Abstract

Objective. The objective was to define and evaluate a role for the Vascular Neurology-Nurse Practitioner (VN-NP) in the delivery of telemedicine consultations in partnership with a vascular neurologist. Methods. Prospective stroke alert patients at participating hospitals underwent a two-way audio video telemedicine consultation with a VN-NP at a remotely located stroke center in partnership with a vascular neurologist. Demographic information, National Institutes of Health Stroke Scale (NIHSS) scores, diagnoses, CT contraindications to thrombolysis, thrombolysis eligibility, and time interval data were collected. The inter-rater agreement between VN-NP and vascular neurologist assessments was calculated. Results. Ten patients were evaluated. Four were determined to have ischemic stroke, one had a transient ischemic attack, two had intracerebral hemorrhages, and three were stroke mimics. Overall, three patients received thrombolysis. The inter-rater agreement between VN-NP and vascular neurologist assessments were excellent, ranging from 0.9 to 1.0. The duration of VN-NP consultation was minutes, which included the vascular neurologist supervisory evaluation time of minutes. Conclusion. This study illustrated that a stroke center VN-NP, in partnership with a vascular neurologist, could deliver timely telemedicine consultations, accurate diagnoses, and correct treatments in acute stroke patients who presented to remotely located rural emergency departments within a hub and spoke network. VN-NPs may fulfill the role of a telestroke provider.

1. Introduction

The purpose of this preliminary study was to define, demonstrate, and evaluate a role for the vascular neurology nurse practitioner (VN-NP) in the delivery of telemedicine consultations in partnership with a vascular neurologist in the context of an established hub and spoke stroke telemedicine network. NPs, physician assistants (PAs), and other physician extenders are no longer being relegated to subservient roles in health-care delivery. They are assuming an ever-increasing level of responsibility in patient care. With technological enablers, such as telemedicine, physician extenders’ future roles as specialty caregivers in rural communities will grow. Examples of physician—NP telemedicine partnerships already exist in rural emergency medicine, but none describe the potential role of a VN-NP telemedicine provider responding to cases of acute stroke.
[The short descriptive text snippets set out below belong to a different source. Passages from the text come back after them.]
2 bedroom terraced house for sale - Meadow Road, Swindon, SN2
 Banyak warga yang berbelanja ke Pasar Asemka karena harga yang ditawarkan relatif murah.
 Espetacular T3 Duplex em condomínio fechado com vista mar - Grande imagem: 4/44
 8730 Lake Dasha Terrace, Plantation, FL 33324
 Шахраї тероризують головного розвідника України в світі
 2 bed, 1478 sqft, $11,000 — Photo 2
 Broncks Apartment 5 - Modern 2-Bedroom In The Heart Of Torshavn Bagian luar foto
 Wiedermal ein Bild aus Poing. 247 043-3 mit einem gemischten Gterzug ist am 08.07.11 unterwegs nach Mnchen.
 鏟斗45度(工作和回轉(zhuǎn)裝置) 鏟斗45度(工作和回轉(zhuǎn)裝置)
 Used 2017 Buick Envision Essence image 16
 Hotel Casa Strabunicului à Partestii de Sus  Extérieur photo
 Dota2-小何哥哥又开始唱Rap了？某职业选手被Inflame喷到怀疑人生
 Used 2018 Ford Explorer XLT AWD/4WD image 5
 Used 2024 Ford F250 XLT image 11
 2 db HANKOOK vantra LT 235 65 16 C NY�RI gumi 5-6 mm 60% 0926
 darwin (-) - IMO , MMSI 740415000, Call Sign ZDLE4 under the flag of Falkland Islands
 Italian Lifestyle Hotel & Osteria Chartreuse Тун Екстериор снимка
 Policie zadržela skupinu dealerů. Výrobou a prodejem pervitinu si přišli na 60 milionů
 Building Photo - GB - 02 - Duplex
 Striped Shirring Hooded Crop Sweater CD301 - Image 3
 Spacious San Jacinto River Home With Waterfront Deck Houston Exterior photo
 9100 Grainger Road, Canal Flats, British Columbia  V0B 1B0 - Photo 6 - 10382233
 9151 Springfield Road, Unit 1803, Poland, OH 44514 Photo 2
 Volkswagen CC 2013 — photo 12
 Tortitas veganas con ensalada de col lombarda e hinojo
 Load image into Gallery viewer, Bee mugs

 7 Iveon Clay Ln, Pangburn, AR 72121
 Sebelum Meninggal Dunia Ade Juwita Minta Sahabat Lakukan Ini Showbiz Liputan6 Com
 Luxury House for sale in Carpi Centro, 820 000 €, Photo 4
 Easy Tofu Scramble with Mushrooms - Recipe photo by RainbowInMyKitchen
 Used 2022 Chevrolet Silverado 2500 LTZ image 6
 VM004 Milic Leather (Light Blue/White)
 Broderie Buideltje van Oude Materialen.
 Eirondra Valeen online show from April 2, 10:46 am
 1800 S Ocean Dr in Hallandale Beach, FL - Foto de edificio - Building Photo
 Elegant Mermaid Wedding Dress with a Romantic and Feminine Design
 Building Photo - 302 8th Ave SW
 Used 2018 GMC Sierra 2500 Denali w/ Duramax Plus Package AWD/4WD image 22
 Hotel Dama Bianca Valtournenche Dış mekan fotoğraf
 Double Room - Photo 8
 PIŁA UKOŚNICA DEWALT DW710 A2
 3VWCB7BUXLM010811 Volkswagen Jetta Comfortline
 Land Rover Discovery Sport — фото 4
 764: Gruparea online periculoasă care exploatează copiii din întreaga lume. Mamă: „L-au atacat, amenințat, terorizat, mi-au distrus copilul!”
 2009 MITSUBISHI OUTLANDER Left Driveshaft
Physician extenders and midlevel providers have practiced emergency medicine for 25 years or more [1]. In the United States, it is estimated that NP and PA are involved in 1.8% and 6.5%, respectively, of emergency department consultations [2]. Nearly half of all emergency departments employ midlevel providers [3]. Historically, emergency medicine midlevel providers were positioned in the hospital; when or if, supervision was necessary, emergency physicians and/or medical or surgical specialists were consulted. With telemedicine, an NP positioned in an emergency department could consult a remotely located physician. For example, in the published program, “TelEmergency for rural hospitals,” emergency NP collaborated with remote TelEmergency physicians to treat patients [4]. The NP was required to have specific qualifications, including master’s degree, certification as a family NP with an unrestricted license, and state license eligibility [4]. In the TelEmergency system, the cost of 24/7 NP and TelEmergency physician staffing partnership was US $53,000 per month per spoke, compared with an estimated US $72,000 per month for a traditional physician staffing model [4]. The NP and physician partnership system allowed participating spoke hospitals to provide emergency services equivalent to a physician-only model while realizing significant cost savings. In TelEmergency, stroke presentation was a top-ten most common complaint category in the patients over 75 years of age, representing 6% of the diagnoses. Overall patient satisfaction with a TelEmergency program was very high, 94% indicating comfort in the system and practitioner partnership [4]. Other countries, including Australia, England, Scotland, Netherlands, and Canada have adopted midlevel providers in rural and remote regions to address workforce shortage [5]. The midlevel providers have provided safe, high-quality, and cost-effective care. There are many published examples of both NPs and PAs practicing telemedicine [69].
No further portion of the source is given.